3º) A economia que – até agora – melhor reagiu à COVID-19 e praticamente não parou, foi a da Coréia do Sul. Amparados no exemplo coreano, poderíamos propugnar a ideia de um isolamento vertical, por meio do qual, as pessoas que não fizessem parte do grupo de risco e não estivessem doentes, poderiam trabalhar obedecendo às devidas restrições sanitárias, todavia, estaríamos caindo em outra armadilha. A Coréia do Sul adotou a estratégia de realização de testes em larga escala, coisa que nenhum outro país do mundo conseguiu fazer de forma tão eficiente. Como os coreanos já haviam vivenciado há pouco tempo um episódio localizado de epidemia de um outro tipo de gripe, as autoridades de lá escolheram agir preventivamente e então passaram a produzir os testes mesmo sem necessidade imediata, o que permitiu então e verificação maciça da população mesmo – e principalmente – de quem não estava com os sintomas, o que reduziu bastante o potencial de contágio pelo novo coronavírus e diminuiu significativamente a sua letalidade. A COVID-19 trabalha “na surdina” podendo ficar até 15 dias sem manifestar sintomas em seu hospedeiro, portanto, liberar para o trabalho todas as pessoas que não apresentam sintomas é flertar com a possibilidade real de provocar um colapso do sistema de saúde, uma ou duas semanas depois. Apesar de querermos muito voltar ao trabalho, reabrir nossas lojas e retomar a rotina, não dispomos de meios técnicos para garantir a segurança dessa manobra e, em se tratando de vírus, não dá para contar muito com a sorte.

4º) Em um cenário como o que estamos vivendo hoje, o referencial neoliberal, não obstante suas virtudes em termos de resultados econômico-financeiros para as economias nacionais, parece não dispor de remédios eficazes, capazes de garantir a manutenção do pacto social. Nesses termos, o receituário neokeynesiano parece estar melhor preparado, em um contexto de democracia, para poder garantir a continuidade da economia. Traduzindo para o bom português, cabe ao Estado, nesse momento, abrir mão do equilíbrio de suas contas e disponibilizar recursos para socorrer tanto os empresários quanto os trabalhadores. Não importa mais se teremos déficit ou não. O que interessa no caso em questão, é oferecer segurança para o mercado – tanto do lado da oferta quanto do lado da demanda – para reduzir ao máximo as “mortes” de CNPJs e as filas de desempregados. Não é questão de liberar a circulação de pessoas e retroceder nas medidas de isolamento, isso é praticamente inegociável, é questão de o Estado adotar políticas expansionistas que deem condições da economia absorver o impacto da crise, minimizando seus danos, já que a mesma se encontra instalada em escala global.

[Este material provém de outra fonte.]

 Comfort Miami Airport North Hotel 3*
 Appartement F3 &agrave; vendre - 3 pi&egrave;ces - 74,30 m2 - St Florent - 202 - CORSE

Se queremos (e/ou devemos) culpar as autoridades pela situação que estamos vivendo hoje; gastar nossas energias condenando o isolamento social é, no mínimo, uma demonstração de nossa miopia diante do problema econômico que se apresenta perante nós. A raiz do problema está na sistemática redução dos orçamentos dos governos destinados à Ciência e Tecnologia, na subvalorizarão dos nossos cientistas e na conduta totalmente reativa dos nossos gestores ao longo de décadas.

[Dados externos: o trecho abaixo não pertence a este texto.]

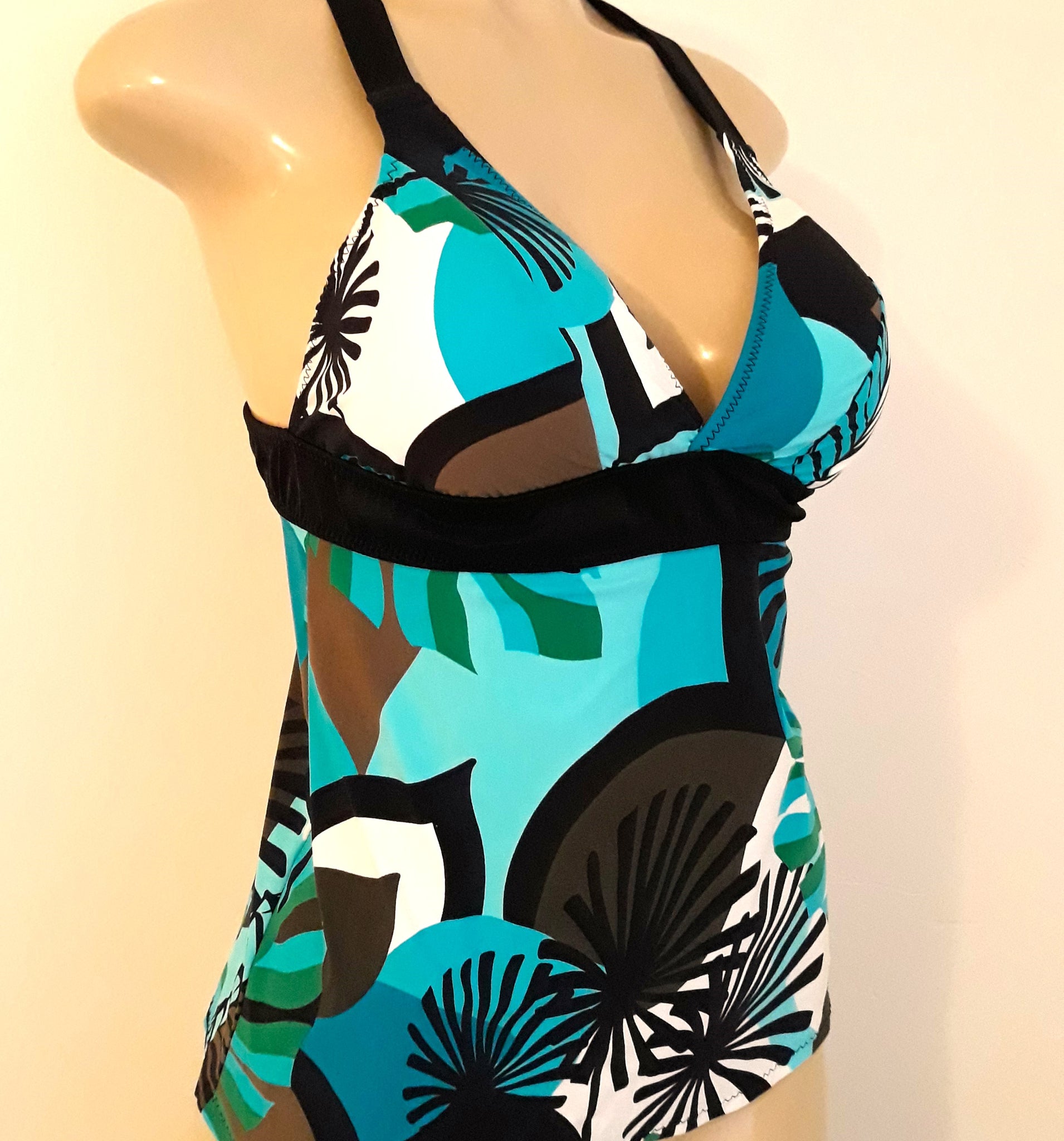 Tie Crossover Back Tankini Top Apron Back – Mirasol Swimwear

A economia sofreria bem menos se deixássemos de considerar a Ciência e a Tecnologia como gastos e passássemos a entendê-las com um investimento. Nossos empresários e trabalhadores teriam menos problemas se realmente tivéssemos estratégias preventivas que nos preparassem para catástrofes como estas.

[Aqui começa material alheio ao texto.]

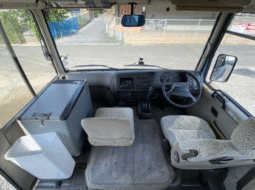 
										MITSUBISHI  Rosa   2000 full									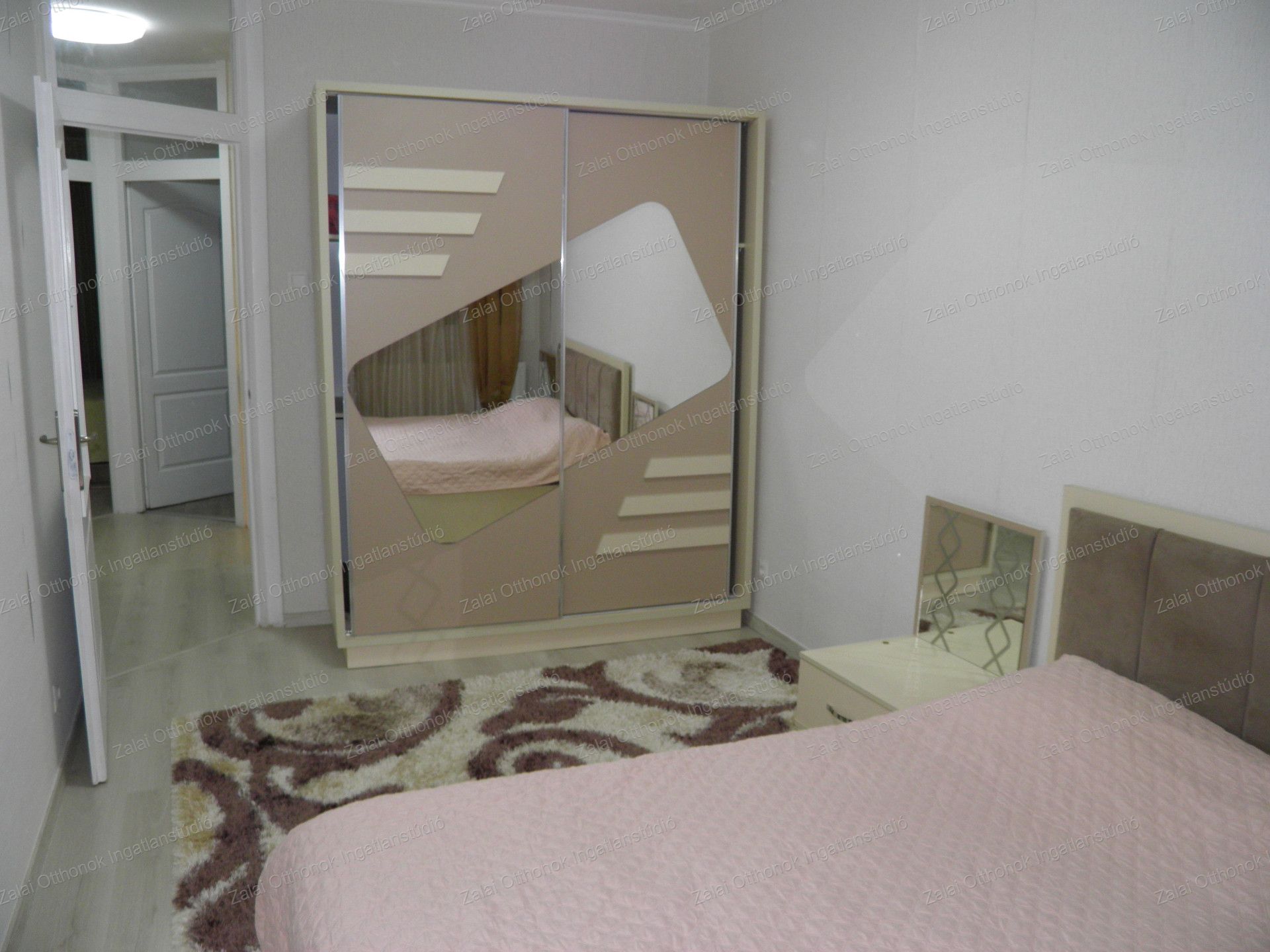 A fájl már létezik a célhelyen: import/kepek/vizjeles_5591215.jpg
For sale Terraced house Hévíz  195 m<sup>2</sup> 125 millió Ft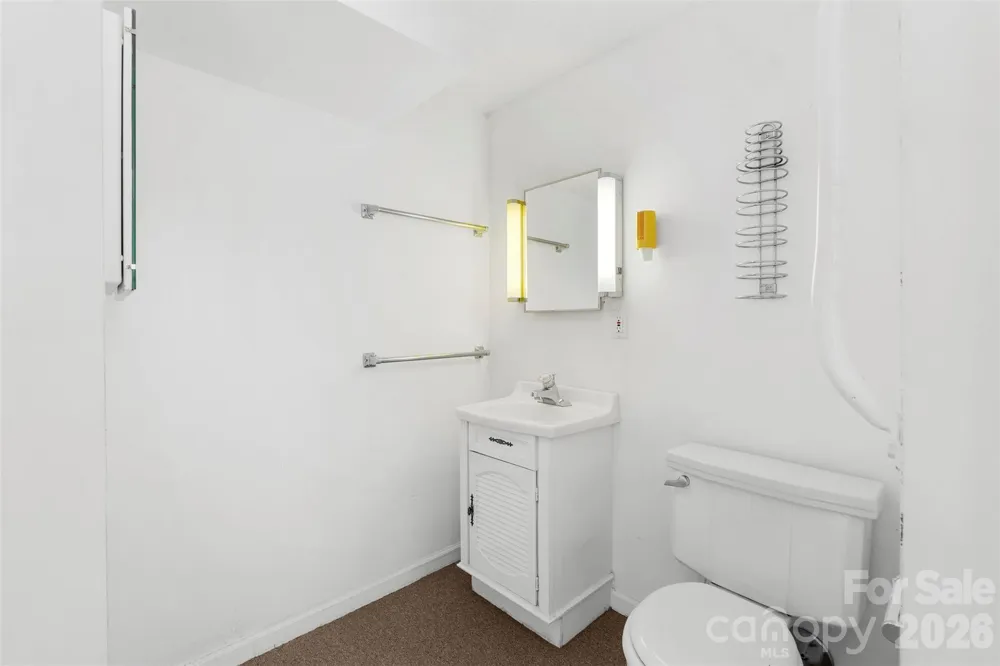 603 Duke Street Thomasville, NC 27360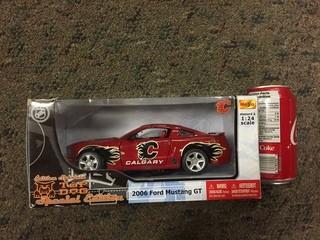 Maisto 2006 Ford Mustang GT Calgary Flames Diecast Model, 1:24 Scale.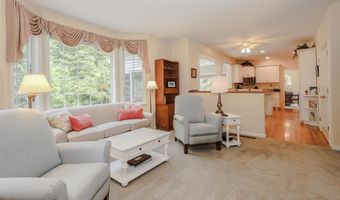 48 Essex Rd, Bedford, NH 03110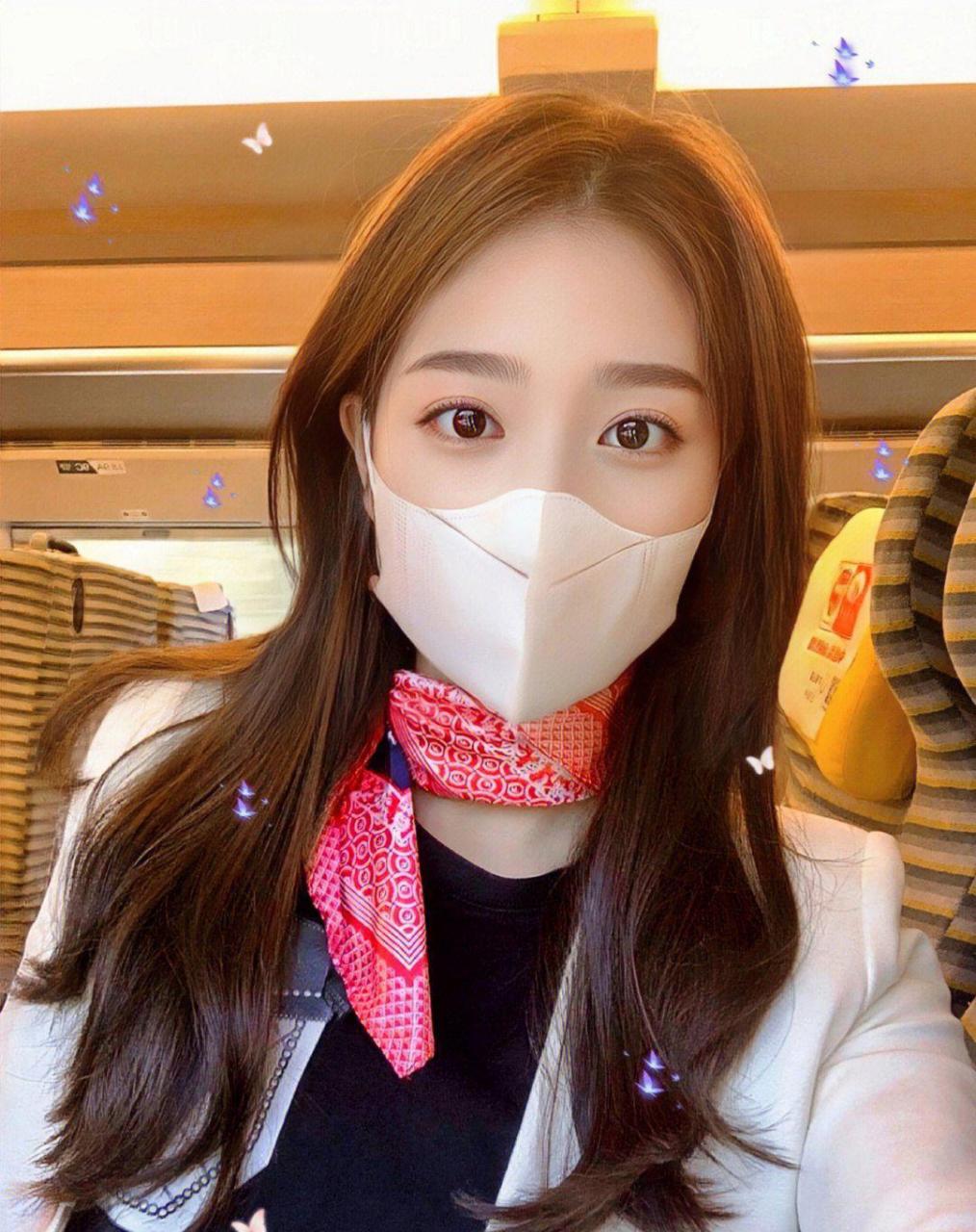 气质美女,口罩款式也气质满满
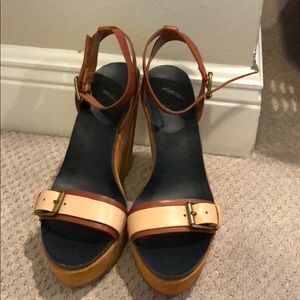 24 hrs sale New Lucky brand wedge sandal size 10M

Agora, resta aos governos, tomando uso das ferramentas econômicas existentes – reservas internacionais, endividamento pela oferta de títulos públicos etc. – nos ajudar a enfrentar o dissabor do remédio amargo que teremos que tomar, cabendo a nós, ter a consciência que a responsabilidade sobre o que acontece ou deixa de acontecer, a culpa sobre a quantidade de pessoas que perderão a vida desnecessariamente, direta ou indiretamente, em decorrência da pandemia, o pesar diante das filas de desempregados, não recairão exclusivamente sobre as costas de nossos líderes e sim, serão fantasmas atormentando a cada um de nós, pois fomos nós mesmos que construímos esta armadilha.